The hot weather also brings out all the beach bums. Many walk through our neighborhood to get to the beach, folding chairs or surfboards tucked under their arms. Local pools offer swimming lessons, sports, arts & crafts, and all kinds of fun activities for children.

Summer day camps always operate during the month of July. Young kids can be in a supervised program along the same daily schedule as they had in school. Even the simplest program offers special trips to zoos, public pools, and other places kids enjoy. For a little more money, you can put your child in a specialized camp such as riding camp, English camp, drama camp, and the like.

In August, many Israelis typically go on vacations, often abroad. Turkey, Greece, and Kenya are popular destinations, as is the United States. While they are gone, the highways are pleasantly empty, and lines everywhere in Israel are much shorter.

But one typical feature of summer in Israel will be missing this year. Normally, thousands of American teenagers flock to the country on exciting and educational tours run by various Jewish organizations. The kids seem to literally take over Jerusalem, where they spend much of their time. Large packs of teens wander the city, shopping and hanging out in cafes during their free time. Ben Yehuda Street, a pedestrian-only thoroughfare lined with trendy shops and cafes, is usually wall-to-wall people, with long waits for the desirable outdoor cafe tables. The intra-city buses are jammed with rowdy, happy teens enjoying a taste of freedom from parental supervision.

Although these kids can be noisy, and create long lines and pedestrian traffic jams wherever they go, they are regarded with affection by Israelis. Many of the teens are in Israel for the first time, and the experiences they have here will stay with them forever. Some may decide to return to Israel after completing college.
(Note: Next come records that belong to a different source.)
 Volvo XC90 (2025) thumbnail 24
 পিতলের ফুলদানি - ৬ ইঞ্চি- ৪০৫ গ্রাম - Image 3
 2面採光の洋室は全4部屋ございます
Others may choose a particular career or path in life based on their summer in Israel. After all, sixteen is an impressionable age, and the tours are exceptionally well run.
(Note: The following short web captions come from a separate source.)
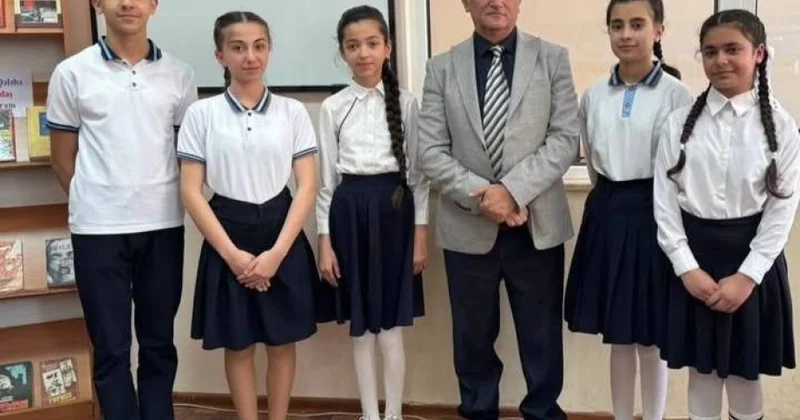 Tanınmış şair Qəşəm Nəcəfzadə ilə görüş keçirilib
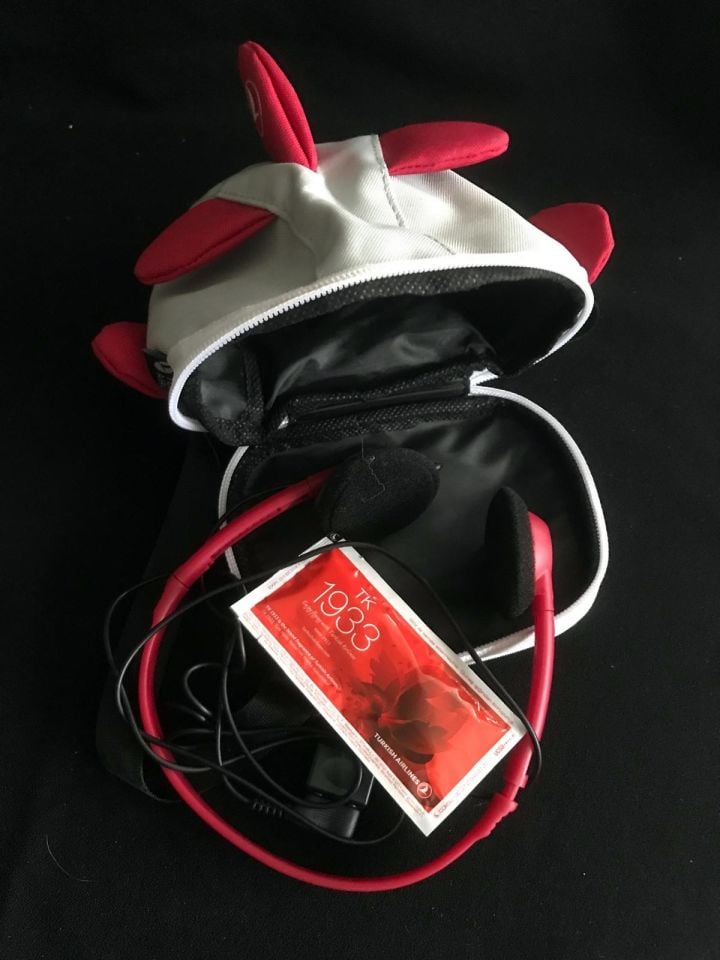 Türk Hava Yolları - TK 1933 - Kulaklık ve uçak formlu çanta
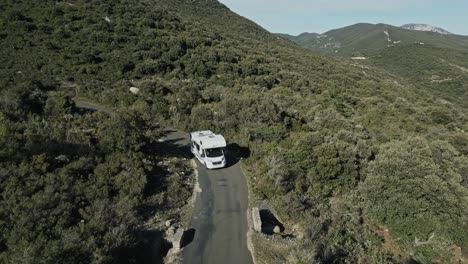 Al-Sur-De-Francia-Y-Una-Gran-Autocaravana-Blanca-Viaja-Por-Una-Carretera-Estrecha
But this summer, the kids are not coming to Israel. The vast majority of the programs run for these teens were cancelled by the organization that sponsors them.

And so today, Ben Yehuda Street is empty. There is no waiting at the sidewalk felafel* stands, and it isn't all that hard to find a seat on the bus. The museum at the excavated City of David, an ancient site within the walls of Jerusalem's Old City, may soon be forced to close its doors due to lack of visitors.

Indeed, there is a rather forlorn air about the city. After all the terrorist bombings, the drive-by shootings by Palestinians in the West Bank, the collapse of the wedding hall, and other tragedies, great and small, that have befallen us this year, the absence of those happy, enthusiastic teens is an abandonment crueler than anything Arafat could have dreamed up for us to endure. Bad enough to be weighed down with the unrelenting sadness the past year has brought; Israelis are tough, and used to taking such hits. They know from hard experience how to stand up and take it over and over again. But desertion by those we thought were our friends is a blow from which we may never recover fully.

* Felafel is a popular "street" food; it usually consists of deep fried balls made of crushed garbanzo beans and spices, which are tucked into a pita bread with tomatoes, cucumbers and techina (sesame seed paste).